O presidente do Governo de Espanha, Pedro Sánchez. (Reuters/Guglielmo Mangiapane) |
Argel protesta retirando o seu embaixador em Madrid, enquanto a imprensa marroquina elogia o rei por ter dobrado a diplomacia espanhola.
EL CONFIDENCIAL - Ignacio Cembrero - 20 de março 2022 – O governo espanhol encerrou uma crise com Marrocos na sexta-feira mas, ao mesmo tempo, abriu outra com a Argélia, com consequências imprevisíveis. O fim do longo período de tensão - 15 meses - com Marrocos parece solucionado com enorme falta de jeito, na opinião dos diplomatas e outros funcionários espanhóis que seguem de perto a política externa.
A crise com a Argélia, que até recentemente tem sido o principal fornecedor de energia de Espanha, ficou patente no sábado à tarde. Num comunicado, o Ministério dos Negócios Estrangeiros argelino expressou a sua "surpresa" perante a "súbita mudança de posição" da Espanha. Anunciou então a retirada - um apelo a consultas, em linguagem diplomática - de Said Moussa, seu embaixador em Madrid. O diplomata deixou a Espanha no mesmo sábado à tarde.

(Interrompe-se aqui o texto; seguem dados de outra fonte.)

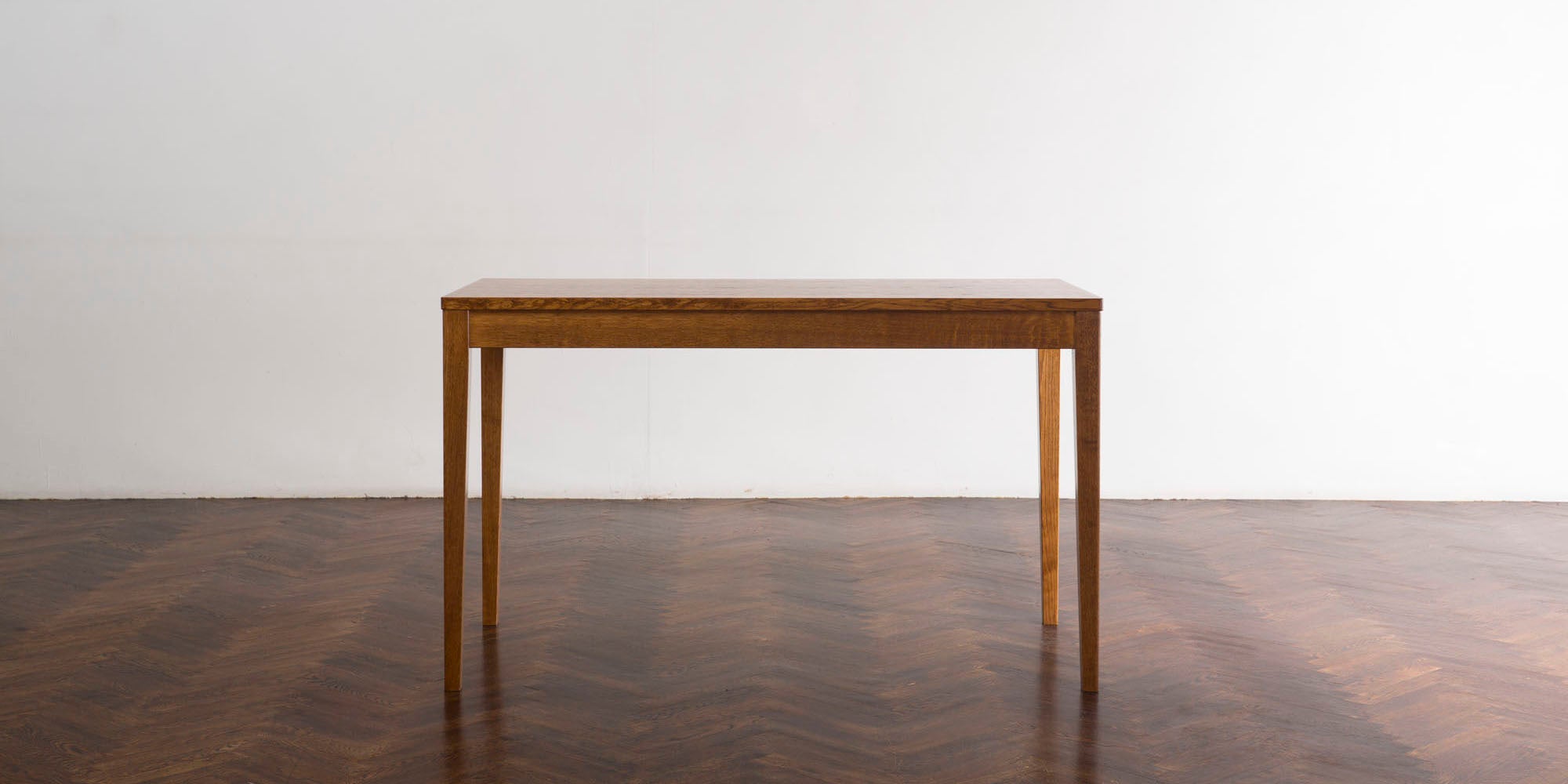 Session Table DSK-04B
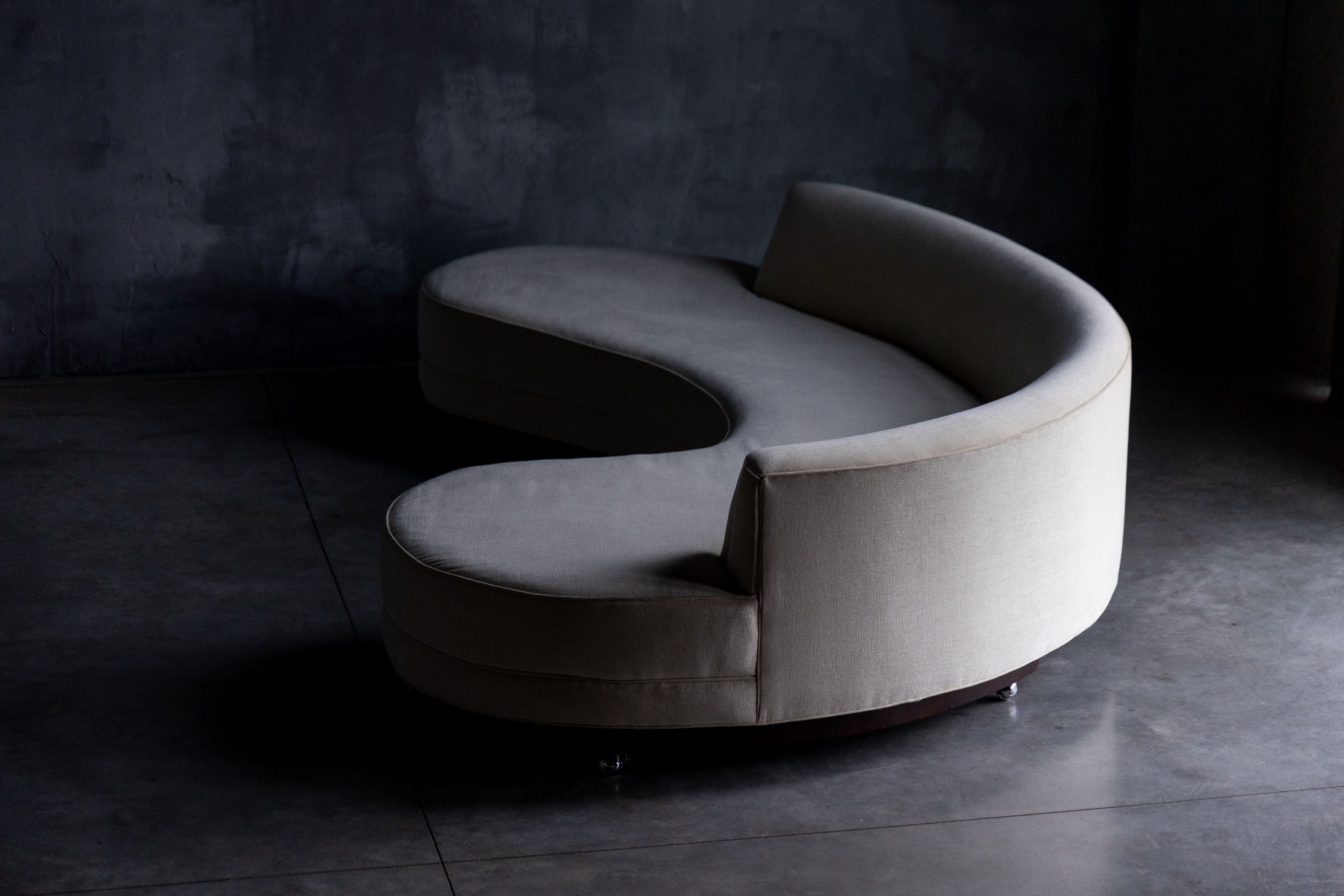 Serpentine Sofa by Vladimir Kagan - 1950s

Horas antes da publicação desta declaração, um diplomata argelino de alto nível não hesitou em afirmar ao jornal digital TSA que a Espanha "tinha traído os saharauis pela segunda vez", sendo a primeira em 1975 quando entregou a sua colónia a Marrocos e à Mauritânia sem realizar um referendo de autodeterminação, conforme acordado com a ONU.
"A Espanha deixou de apoiar uma solução que garantisse a autodeterminação do povo saharaui para apoiar, depois, o plano da ONU para resolver o último caso de descolonização em África e acaba agora por apoiar o plano de autonomia de Marrocos", lamentou o alto funcionário nas suas declarações à TSA.
Hoje, domingo de manhã, outra fonte diplomática dirigiu-se à imprensa argelina para recordar que a Espanha "permanece, aos olhos da legalidade internacional, o poder administrante ajuramentado do território do Sahara Ocidental e, como tal, assume uma grande responsabilidade moral, política e diplomática como membro do grupo de amigos do Sahara Ocidental nas Nações Unidas". Esta "reviravolta não gloriosa da Espanha é sinónimo de submissão à capacidade de pressão de Marrocos (migração, Ceuta e Melilla, Ilhas Canárias, etc.)", conclui o comentário.
Para pôr fim à crise com Marrocos, o presidente Pedro Sánchez enviou uma carta ao rei de Marrocos, que a tornou parcialmente pública na sexta-feira através de um comunicado real. Nela, Sánchez manifesta o seu apoio ao plano de autonomia que Marrocos ofereceu para resolver o conflito no Sahara Ocidental sem consultar a população saharaui. Sanchez põe assim fim a 47 anos de neutralidade espanhola e contraria o programa eleitoral do PSOE de 2019 que defendia o referendo de autodeterminação.
Sánchez faz isso em termos que, segundo a imprensa marroquina, vão um pouco mais longe que a Alemanha, que deu o braço a torcer em dezembro para pôr fim a mais uma crise, e que a França, principal apoiante de Marrocos na Europa. Nenhum outro país europeu apoia a proposta marroquina de autonomia. Os EUA, por outro lado, não só o apoiam como também reconheceram a soberania marroquina sobre este território, cuja dimensão é semelhante à do Reino Unido. O presidente Donald Trump fez isso em dezembro de 2020, um mês antes de deixar a Casa Branca.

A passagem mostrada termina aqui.